Sorry if this is a basic question, but I'm just trying to get my head around reading my Electricity Meter to get an accurate reading. I know the suppliers tell you to ignore numbers in red when giving them a reading, but I am trying to check the energy consumption of some appliances, so I want to take an accurate reading.

I posted a picture of my meter below. My interpretation of the reading shown is that it is 70924.32 kWh. This is based on the 5 main digits in black and white and the digit in the box with the red square, labelled "1/10". 

My question is in relation to the red and white digit just to the right of the "1 kWh" main digit. i.e. in the picture shown it is 5, with the top of the 6 just appearing at the bottom.
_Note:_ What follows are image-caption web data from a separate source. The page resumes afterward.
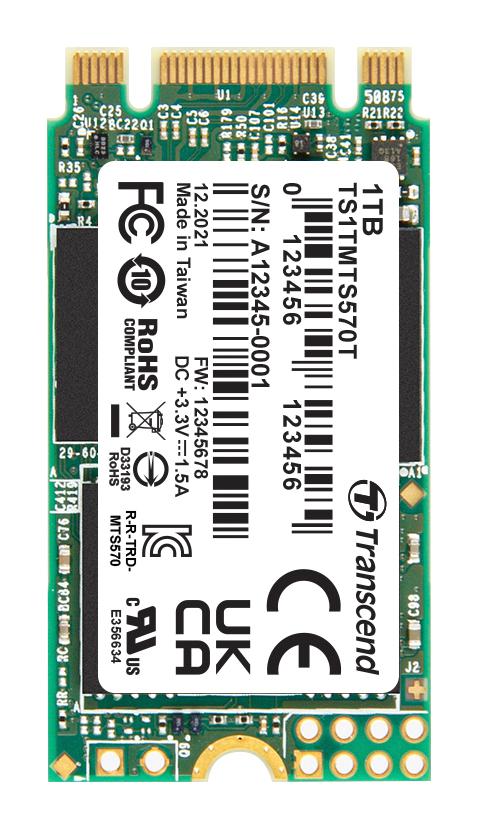 TRANSCEND TS1TMTS570T SSD, Internal, M.2 2242, SATA 6 Gb/s (SATA III), 1 TB, 3D NAND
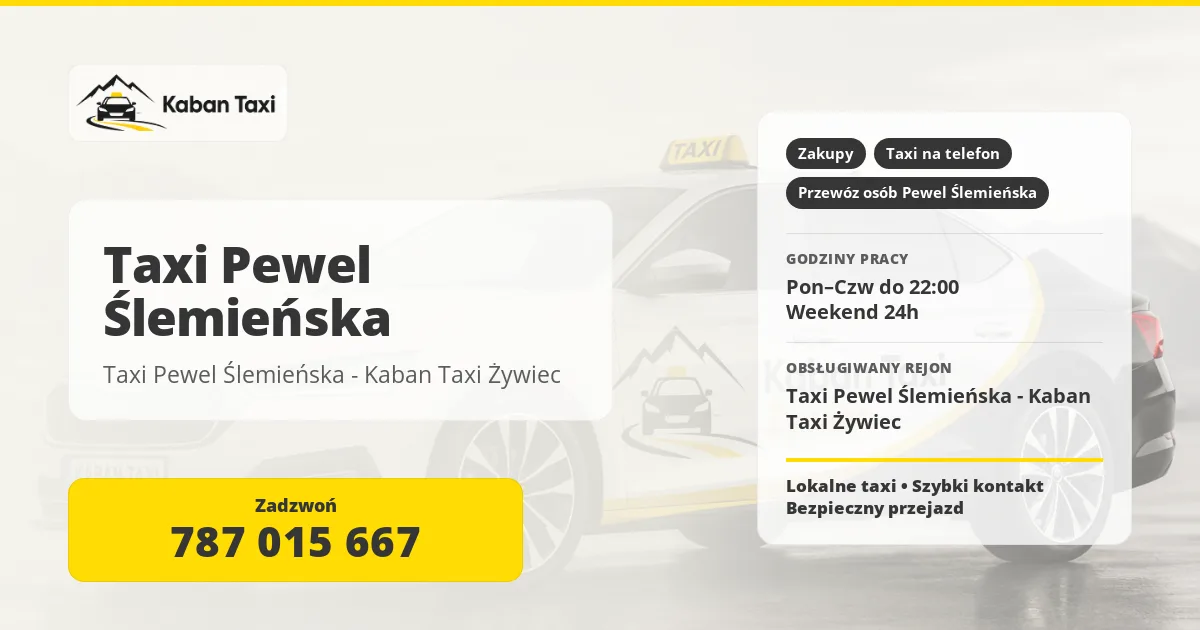Taxi Pewel Ślemieńska - Kaban Taxi Żywiec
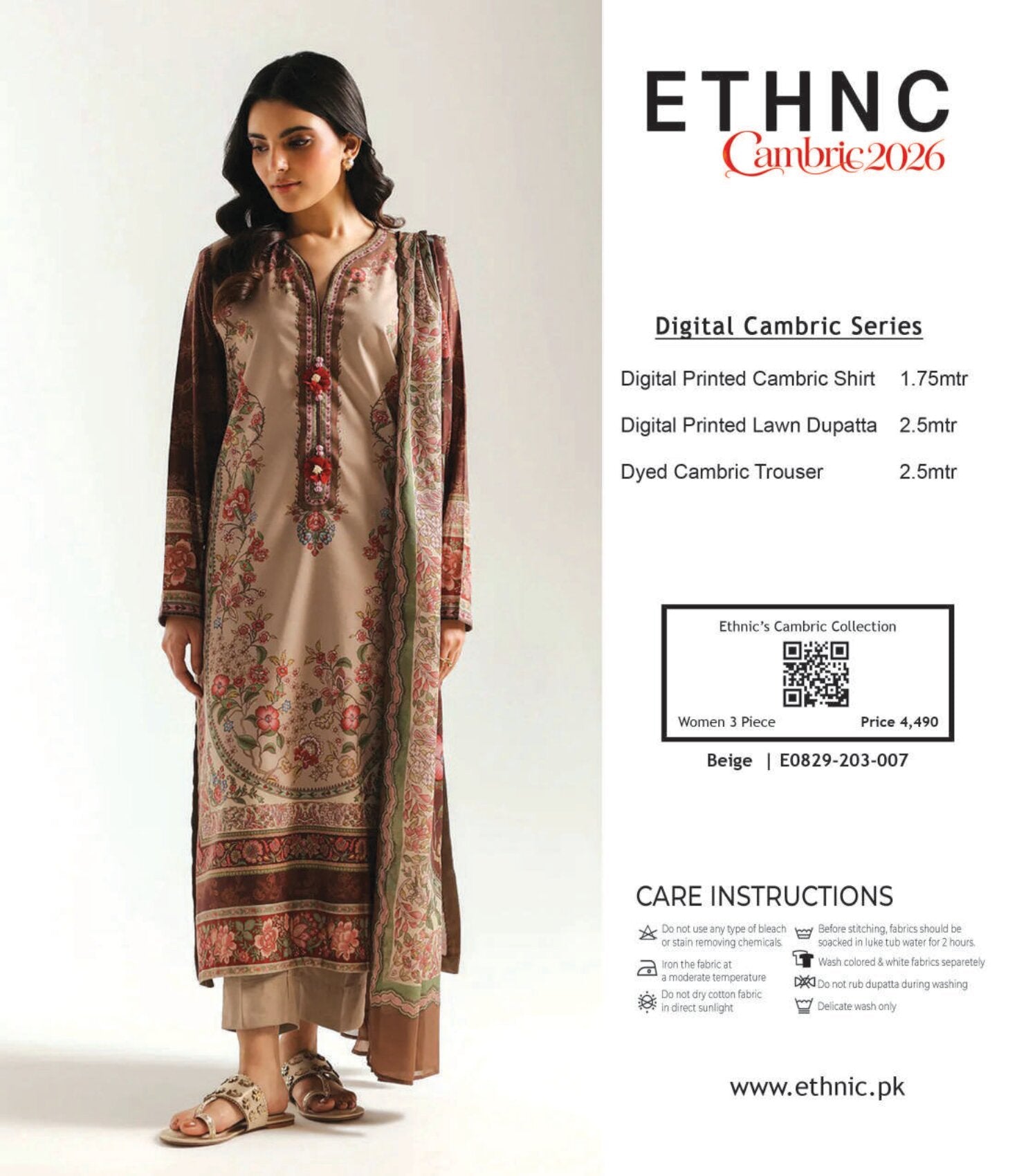 ETHNC | 3 PCS UNSTITCHED SUIT | CAMBRIC 2026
Does anyone know what that digit is for? Thanks

http://imageshack.us/photo/my-images/717/img0643f.jpg/[broken link removed]


----------



## alexandra123 (17 May 2011)

I think it represents the dial on how far it is to the 1 kwh. For example if it read .5 it means that it would be half way to 1 kwh so it represents .5 of a kwh.
70,924.5 kwh


----------



## Guest125 (17 May 2011)

I don't think you understand what the meter does. It measures the Total amount units consumed in the premises since the meter was installed and the electricity connected. In the case of your photograph the premises has used seventy thousand nine hundred and twenty four units(ignoring the red box,which only measures tenths of a unit) Kw/h is the electrical term for a unit. I think this is what you need [broken link removed]


----------



## PolkaDot (17 May 2011)

No in theory if I take a reading at time X and then a reading at time X+1hour, I can see how much the meter has increased by in that hour.

I realise that the total number is the amount of electricity consumed since first installation. I'm trying to calculate difference in readings.


----------



## PolkaDot (17 May 2011)

alexandra123 said:


> I think it represents the dial on how far it is to the 1 kwh. For example if it read .5 it means that it would be half way to 1 kwh so it represents .5 of a kwh.
> 70,924.5 kwh



I don't think that's correct. The box with the read square marked "1/10" is a tenth of a kWh. This dial rotates quicker than any of the other dials. One full revolution of this dial corresponds to an increase of 1kWh on the main reading. I have checked this.

The red and white digit at the end of the main reading rotates at a similar rate to the 1kWh digit. So it can't be a tenth of a kWh.


----------